§ **Supplied entries**
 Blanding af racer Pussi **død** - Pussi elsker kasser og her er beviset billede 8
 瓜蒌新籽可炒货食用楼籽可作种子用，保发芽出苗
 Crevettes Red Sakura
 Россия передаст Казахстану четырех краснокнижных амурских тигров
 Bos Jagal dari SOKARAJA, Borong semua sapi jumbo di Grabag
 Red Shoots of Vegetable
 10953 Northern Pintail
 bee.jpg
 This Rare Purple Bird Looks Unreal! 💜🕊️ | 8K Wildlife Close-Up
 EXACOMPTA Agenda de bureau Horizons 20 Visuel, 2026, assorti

* * *

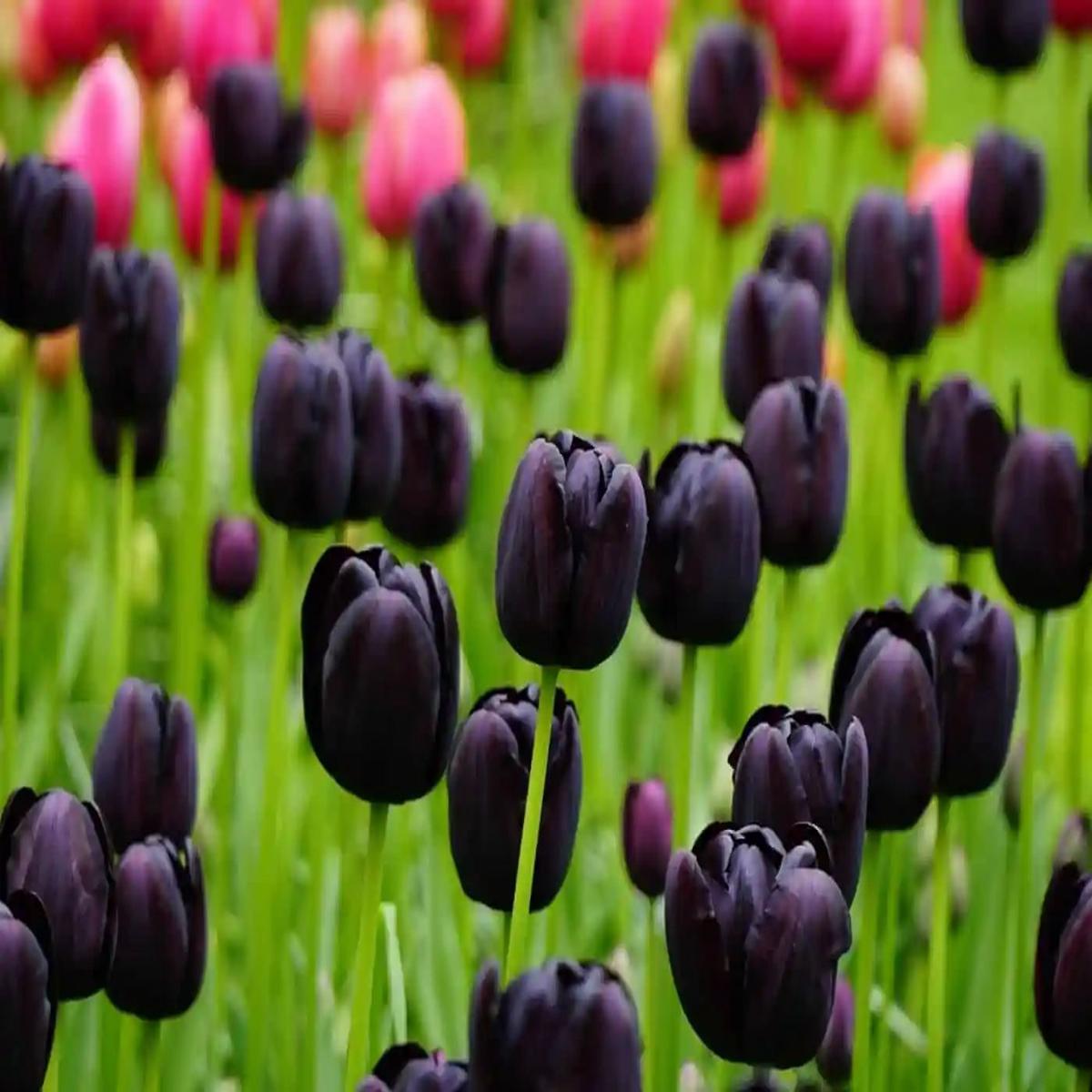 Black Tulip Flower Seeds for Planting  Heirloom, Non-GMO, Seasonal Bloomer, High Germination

...

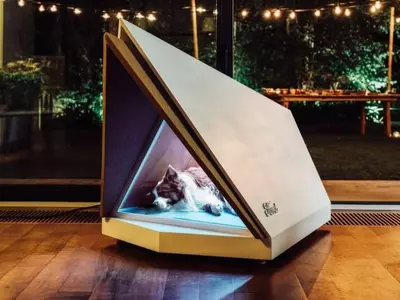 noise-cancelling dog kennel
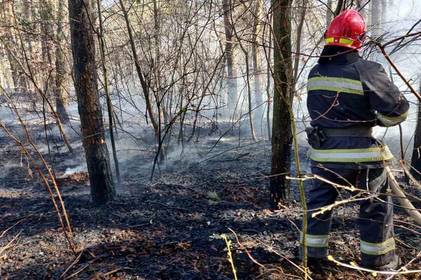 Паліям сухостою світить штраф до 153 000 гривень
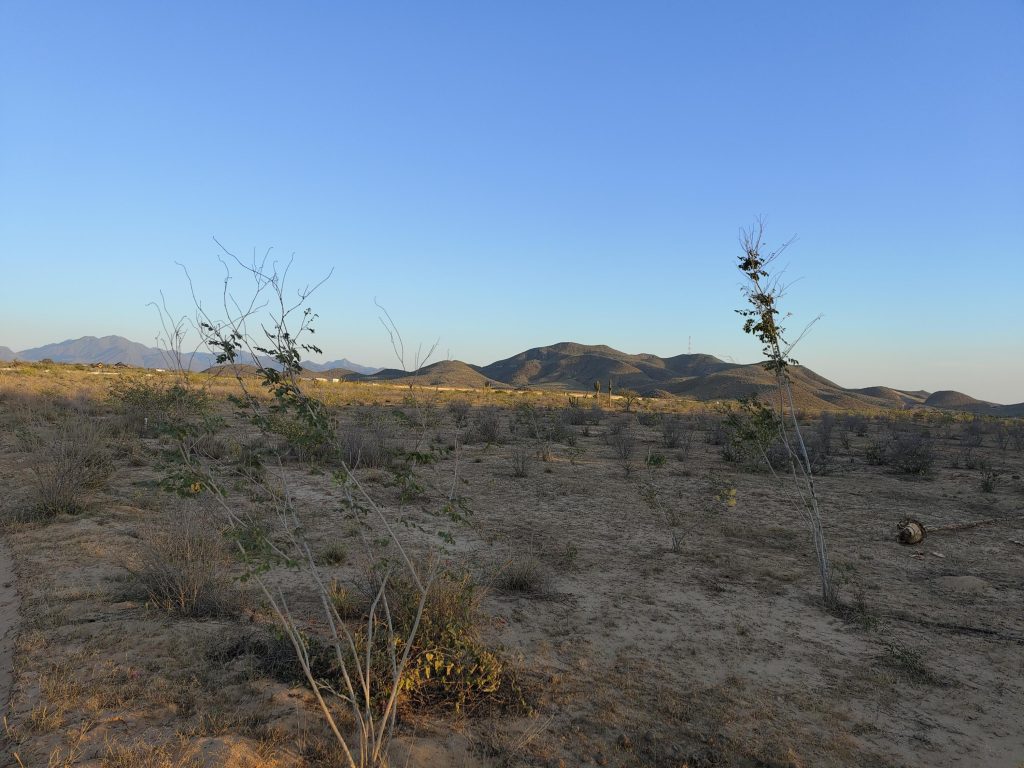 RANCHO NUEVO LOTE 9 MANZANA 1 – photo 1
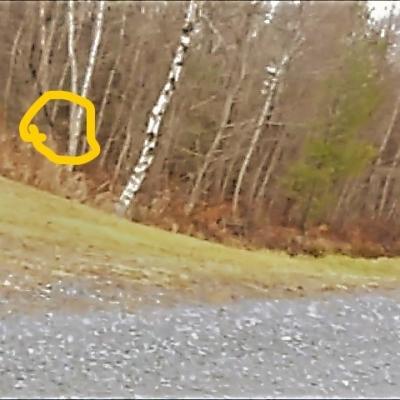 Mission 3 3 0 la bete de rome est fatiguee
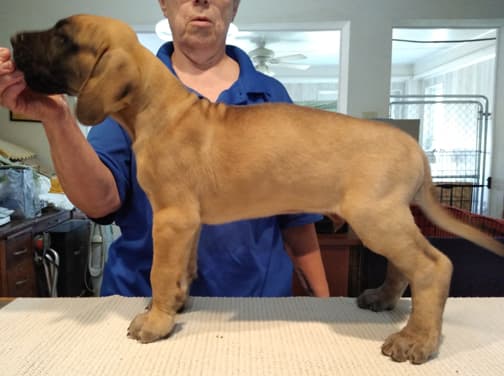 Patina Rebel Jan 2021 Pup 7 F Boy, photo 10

§ **Directions**
Every line above from the line with "Blanding af racer" to the line with "EXACOMPTA Agenda de" is wanted, ends included; write them out exactly and add no other line.

§ **Result**
 Blanding af racer Pussi **død** - Pussi elsker kasser og her er beviset billede 8
 瓜蒌新籽可炒货食用楼籽可作种子用，保发芽出苗
 Crevettes Red Sakura
 Россия передаст Казахстану четырех краснокнижных амурских тигров
 Bos Jagal dari SOKARAJA, Borong semua sapi jumbo di Grabag
 Red Shoots of Vegetable
 10953 Northern Pintail
 bee.jpg
 This Rare Purple Bird Looks Unreal! 💜🕊️ | 8K Wildlife Close-Up
 EXACOMPTA Agenda de bureau Horizons 20 Visuel, 2026, assorti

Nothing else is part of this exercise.